■ **What to do**: Scan the entries below for the word "Mercedes", then copy each line that holds it.

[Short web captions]
..............................

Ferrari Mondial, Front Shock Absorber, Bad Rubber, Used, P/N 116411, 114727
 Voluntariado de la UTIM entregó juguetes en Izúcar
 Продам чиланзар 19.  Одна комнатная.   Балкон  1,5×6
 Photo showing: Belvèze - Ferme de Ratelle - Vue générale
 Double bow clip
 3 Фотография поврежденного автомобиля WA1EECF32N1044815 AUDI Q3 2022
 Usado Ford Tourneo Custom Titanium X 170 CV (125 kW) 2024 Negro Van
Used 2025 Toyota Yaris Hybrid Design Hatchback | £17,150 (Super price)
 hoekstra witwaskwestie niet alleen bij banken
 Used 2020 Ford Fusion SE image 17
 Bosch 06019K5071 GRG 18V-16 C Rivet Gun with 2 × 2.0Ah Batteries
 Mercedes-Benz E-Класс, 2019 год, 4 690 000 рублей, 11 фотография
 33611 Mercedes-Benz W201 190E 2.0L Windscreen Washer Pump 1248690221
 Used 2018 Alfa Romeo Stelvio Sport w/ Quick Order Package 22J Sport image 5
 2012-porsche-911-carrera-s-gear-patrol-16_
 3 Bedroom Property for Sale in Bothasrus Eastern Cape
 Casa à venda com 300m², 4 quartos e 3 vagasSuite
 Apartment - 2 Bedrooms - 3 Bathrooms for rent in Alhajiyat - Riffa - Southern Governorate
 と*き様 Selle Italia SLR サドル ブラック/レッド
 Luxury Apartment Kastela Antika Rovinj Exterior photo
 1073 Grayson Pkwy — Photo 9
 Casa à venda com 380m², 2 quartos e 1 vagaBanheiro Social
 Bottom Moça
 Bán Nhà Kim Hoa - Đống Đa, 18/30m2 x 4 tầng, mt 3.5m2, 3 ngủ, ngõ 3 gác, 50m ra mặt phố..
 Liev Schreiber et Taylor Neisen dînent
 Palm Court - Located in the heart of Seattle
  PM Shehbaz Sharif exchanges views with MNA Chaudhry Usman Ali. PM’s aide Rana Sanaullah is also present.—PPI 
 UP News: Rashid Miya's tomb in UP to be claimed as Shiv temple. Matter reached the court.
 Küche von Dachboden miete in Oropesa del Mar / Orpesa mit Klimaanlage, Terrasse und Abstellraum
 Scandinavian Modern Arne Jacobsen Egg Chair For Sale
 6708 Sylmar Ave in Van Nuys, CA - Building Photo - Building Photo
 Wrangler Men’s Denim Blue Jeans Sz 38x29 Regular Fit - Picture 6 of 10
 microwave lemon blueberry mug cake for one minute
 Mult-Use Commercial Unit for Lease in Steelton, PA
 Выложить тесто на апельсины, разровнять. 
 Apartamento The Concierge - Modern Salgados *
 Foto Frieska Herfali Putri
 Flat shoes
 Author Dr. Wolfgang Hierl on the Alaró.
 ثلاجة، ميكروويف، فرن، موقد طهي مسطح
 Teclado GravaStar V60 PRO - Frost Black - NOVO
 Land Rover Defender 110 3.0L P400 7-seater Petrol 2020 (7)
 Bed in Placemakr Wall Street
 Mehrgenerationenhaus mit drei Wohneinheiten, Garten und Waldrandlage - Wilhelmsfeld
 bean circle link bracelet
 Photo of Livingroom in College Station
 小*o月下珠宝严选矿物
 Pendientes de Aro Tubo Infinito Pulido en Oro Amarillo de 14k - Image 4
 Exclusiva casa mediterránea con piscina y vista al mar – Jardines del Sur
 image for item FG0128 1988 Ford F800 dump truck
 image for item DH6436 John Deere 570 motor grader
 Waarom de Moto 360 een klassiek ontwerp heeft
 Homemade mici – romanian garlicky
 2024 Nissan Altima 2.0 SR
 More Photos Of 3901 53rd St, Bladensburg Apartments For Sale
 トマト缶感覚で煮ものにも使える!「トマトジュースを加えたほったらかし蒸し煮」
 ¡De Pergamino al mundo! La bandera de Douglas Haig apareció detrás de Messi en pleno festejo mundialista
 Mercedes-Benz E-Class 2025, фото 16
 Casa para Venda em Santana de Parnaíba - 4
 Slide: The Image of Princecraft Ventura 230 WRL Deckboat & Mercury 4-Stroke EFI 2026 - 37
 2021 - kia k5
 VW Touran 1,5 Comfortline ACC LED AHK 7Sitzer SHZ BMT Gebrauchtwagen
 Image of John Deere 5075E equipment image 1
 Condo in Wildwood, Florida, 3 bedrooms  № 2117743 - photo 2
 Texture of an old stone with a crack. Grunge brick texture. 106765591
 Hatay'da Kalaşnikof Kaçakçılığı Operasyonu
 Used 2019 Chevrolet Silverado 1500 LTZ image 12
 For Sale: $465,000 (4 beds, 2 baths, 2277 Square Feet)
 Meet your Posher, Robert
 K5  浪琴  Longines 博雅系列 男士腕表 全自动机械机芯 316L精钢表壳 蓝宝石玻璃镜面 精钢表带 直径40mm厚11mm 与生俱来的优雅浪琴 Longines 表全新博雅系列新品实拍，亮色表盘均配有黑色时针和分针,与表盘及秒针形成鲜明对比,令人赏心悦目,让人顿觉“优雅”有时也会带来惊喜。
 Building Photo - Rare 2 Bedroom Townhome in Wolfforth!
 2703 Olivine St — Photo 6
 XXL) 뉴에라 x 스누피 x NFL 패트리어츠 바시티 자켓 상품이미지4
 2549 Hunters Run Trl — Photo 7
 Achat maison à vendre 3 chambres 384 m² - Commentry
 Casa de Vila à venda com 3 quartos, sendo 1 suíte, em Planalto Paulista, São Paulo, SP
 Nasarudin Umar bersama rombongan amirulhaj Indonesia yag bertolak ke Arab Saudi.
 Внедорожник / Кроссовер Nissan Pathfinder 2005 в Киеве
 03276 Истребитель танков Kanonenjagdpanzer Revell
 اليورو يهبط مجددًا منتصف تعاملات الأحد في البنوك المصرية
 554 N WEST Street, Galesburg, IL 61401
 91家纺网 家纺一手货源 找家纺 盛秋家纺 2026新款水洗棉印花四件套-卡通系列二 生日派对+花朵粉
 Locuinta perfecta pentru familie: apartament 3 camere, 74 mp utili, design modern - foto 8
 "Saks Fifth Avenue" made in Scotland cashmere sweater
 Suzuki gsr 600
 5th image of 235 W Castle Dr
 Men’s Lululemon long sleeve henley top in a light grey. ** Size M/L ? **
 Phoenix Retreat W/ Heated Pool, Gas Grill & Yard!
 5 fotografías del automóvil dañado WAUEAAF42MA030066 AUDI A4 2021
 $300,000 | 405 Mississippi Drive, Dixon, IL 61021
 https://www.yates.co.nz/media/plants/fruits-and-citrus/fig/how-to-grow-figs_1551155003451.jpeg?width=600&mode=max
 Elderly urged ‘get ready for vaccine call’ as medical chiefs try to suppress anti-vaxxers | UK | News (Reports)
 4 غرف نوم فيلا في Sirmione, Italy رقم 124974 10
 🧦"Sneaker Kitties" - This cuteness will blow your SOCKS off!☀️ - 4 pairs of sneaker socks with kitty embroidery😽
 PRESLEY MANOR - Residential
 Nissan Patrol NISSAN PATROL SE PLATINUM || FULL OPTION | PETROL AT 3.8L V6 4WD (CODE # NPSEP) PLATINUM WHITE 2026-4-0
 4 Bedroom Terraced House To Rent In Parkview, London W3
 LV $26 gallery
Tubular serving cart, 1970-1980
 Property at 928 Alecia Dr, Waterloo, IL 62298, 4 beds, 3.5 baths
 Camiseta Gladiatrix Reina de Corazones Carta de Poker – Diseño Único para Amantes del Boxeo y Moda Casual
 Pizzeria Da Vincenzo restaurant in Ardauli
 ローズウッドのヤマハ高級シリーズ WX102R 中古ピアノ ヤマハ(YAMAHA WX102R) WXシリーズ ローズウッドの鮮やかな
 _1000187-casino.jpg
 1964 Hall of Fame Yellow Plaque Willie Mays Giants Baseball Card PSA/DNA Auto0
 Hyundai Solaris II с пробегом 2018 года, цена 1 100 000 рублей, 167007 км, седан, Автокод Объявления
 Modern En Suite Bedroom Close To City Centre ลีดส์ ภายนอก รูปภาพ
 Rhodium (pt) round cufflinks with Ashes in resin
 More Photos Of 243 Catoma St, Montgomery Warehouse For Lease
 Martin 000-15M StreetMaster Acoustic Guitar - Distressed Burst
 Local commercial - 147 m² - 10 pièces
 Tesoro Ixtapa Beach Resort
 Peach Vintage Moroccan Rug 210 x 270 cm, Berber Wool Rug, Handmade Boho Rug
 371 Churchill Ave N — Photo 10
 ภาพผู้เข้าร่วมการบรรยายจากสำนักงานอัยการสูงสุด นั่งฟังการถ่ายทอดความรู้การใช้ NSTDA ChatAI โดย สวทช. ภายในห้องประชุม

..............................

■ **Reply**:
 Mercedes-Benz E-Класс, 2019 год, 4 690 000 рублей, 11 фотография
 33611 Mercedes-Benz W201 190E 2.0L Windscreen Washer Pump 1248690221
 Mercedes-Benz E-Class 2025, фото 16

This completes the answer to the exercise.